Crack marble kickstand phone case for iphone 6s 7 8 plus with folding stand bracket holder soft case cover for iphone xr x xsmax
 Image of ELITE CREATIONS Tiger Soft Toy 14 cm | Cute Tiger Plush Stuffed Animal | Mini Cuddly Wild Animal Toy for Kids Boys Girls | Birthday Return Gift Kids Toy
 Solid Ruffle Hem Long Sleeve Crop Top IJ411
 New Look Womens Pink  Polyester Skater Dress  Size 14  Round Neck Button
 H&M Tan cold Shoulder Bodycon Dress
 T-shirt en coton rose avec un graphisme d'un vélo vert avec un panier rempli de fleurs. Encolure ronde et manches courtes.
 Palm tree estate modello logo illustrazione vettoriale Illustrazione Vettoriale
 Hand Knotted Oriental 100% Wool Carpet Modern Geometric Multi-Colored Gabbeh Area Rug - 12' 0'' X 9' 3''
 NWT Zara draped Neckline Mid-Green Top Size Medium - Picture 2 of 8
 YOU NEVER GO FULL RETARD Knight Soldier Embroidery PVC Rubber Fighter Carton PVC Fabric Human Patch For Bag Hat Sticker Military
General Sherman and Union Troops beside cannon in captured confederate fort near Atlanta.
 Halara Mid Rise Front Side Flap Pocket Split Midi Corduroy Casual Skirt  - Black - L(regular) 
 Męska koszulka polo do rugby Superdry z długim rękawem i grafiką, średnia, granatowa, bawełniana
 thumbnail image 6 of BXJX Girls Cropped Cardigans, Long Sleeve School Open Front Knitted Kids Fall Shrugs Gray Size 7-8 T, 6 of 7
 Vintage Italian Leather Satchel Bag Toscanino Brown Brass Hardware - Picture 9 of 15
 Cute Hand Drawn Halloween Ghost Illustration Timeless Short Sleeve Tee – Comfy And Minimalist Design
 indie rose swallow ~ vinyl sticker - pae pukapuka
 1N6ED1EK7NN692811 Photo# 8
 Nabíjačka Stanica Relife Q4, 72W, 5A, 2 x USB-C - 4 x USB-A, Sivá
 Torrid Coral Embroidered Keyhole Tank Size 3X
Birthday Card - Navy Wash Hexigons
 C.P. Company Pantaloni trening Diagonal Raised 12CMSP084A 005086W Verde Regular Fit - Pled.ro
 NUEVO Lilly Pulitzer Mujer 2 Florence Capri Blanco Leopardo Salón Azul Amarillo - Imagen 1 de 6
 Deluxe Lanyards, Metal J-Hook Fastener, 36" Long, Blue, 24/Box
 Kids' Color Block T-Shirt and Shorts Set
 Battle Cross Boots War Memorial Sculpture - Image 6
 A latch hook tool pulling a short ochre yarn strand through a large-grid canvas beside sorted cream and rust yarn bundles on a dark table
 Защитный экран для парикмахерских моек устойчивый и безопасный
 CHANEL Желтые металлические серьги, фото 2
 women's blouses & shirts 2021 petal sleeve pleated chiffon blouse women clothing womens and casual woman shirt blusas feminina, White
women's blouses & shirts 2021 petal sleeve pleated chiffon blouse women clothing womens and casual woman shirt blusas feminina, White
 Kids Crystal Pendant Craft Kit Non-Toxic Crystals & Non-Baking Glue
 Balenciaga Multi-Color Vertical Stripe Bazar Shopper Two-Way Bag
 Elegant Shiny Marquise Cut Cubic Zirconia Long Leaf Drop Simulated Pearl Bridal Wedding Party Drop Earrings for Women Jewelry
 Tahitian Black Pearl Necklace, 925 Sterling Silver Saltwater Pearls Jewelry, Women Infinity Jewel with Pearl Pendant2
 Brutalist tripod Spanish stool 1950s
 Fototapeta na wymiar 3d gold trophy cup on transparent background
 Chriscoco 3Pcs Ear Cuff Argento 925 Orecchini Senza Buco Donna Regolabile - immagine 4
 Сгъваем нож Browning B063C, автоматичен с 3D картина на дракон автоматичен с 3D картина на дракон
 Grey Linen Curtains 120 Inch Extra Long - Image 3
━━━━━━━━━━━━━━━━━━━━━━━━━━━━━━
AIM OF THE EXERCISE: Look above for the line holding "Halara Mid Rise", then set down exactly that line and every line after it up to and including the line holding "Сгъваем нож Browning", with nothing else.

YOUR SOLUTION:
 Halara Mid Rise Front Side Flap Pocket Split Midi Corduroy Casual Skirt  - Black - L(regular) 
 Męska koszulka polo do rugby Superdry z długim rękawem i grafiką, średnia, granatowa, bawełniana
 thumbnail image 6 of BXJX Girls Cropped Cardigans, Long Sleeve School Open Front Knitted Kids Fall Shrugs Gray Size 7-8 T, 6 of 7
 Vintage Italian Leather Satchel Bag Toscanino Brown Brass Hardware - Picture 9 of 15
 Cute Hand Drawn Halloween Ghost Illustration Timeless Short Sleeve Tee – Comfy And Minimalist Design
 indie rose swallow ~ vinyl sticker - pae pukapuka
 1N6ED1EK7NN692811 Photo# 8
 Nabíjačka Stanica Relife Q4, 72W, 5A, 2 x USB-C - 4 x USB-A, Sivá
 Torrid Coral Embroidered Keyhole Tank Size 3X
Birthday Card - Navy Wash Hexigons
 C.P. Company Pantaloni trening Diagonal Raised 12CMSP084A 005086W Verde Regular Fit - Pled.ro
 NUEVO Lilly Pulitzer Mujer 2 Florence Capri Blanco Leopardo Salón Azul Amarillo - Imagen 1 de 6
 Deluxe Lanyards, Metal J-Hook Fastener, 36" Long, Blue, 24/Box
 Kids' Color Block T-Shirt and Shorts Set
 Battle Cross Boots War Memorial Sculpture - Image 6
 A latch hook tool pulling a short ochre yarn strand through a large-grid canvas beside sorted cream and rust yarn bundles on a dark table
 Защитный экран для парикмахерских моек устойчивый и безопасный
 CHANEL Желтые металлические серьги, фото 2
 women's blouses & shirts 2021 petal sleeve pleated chiffon blouse women clothing womens and casual woman shirt blusas feminina, White
women's blouses & shirts 2021 petal sleeve pleated chiffon blouse women clothing womens and casual woman shirt blusas feminina, White
 Kids Crystal Pendant Craft Kit Non-Toxic Crystals & Non-Baking Glue
 Balenciaga Multi-Color Vertical Stripe Bazar Shopper Two-Way Bag
 Elegant Shiny Marquise Cut Cubic Zirconia Long Leaf Drop Simulated Pearl Bridal Wedding Party Drop Earrings for Women Jewelry
 Tahitian Black Pearl Necklace, 925 Sterling Silver Saltwater Pearls Jewelry, Women Infinity Jewel with Pearl Pendant2
 Brutalist tripod Spanish stool 1950s
 Fototapeta na wymiar 3d gold trophy cup on transparent background
 Chriscoco 3Pcs Ear Cuff Argento 925 Orecchini Senza Buco Donna Regolabile - immagine 4
 Сгъваем нож Browning B063C, автоматичен с 3D картина на дракон автоматичен с 3D картина на дракон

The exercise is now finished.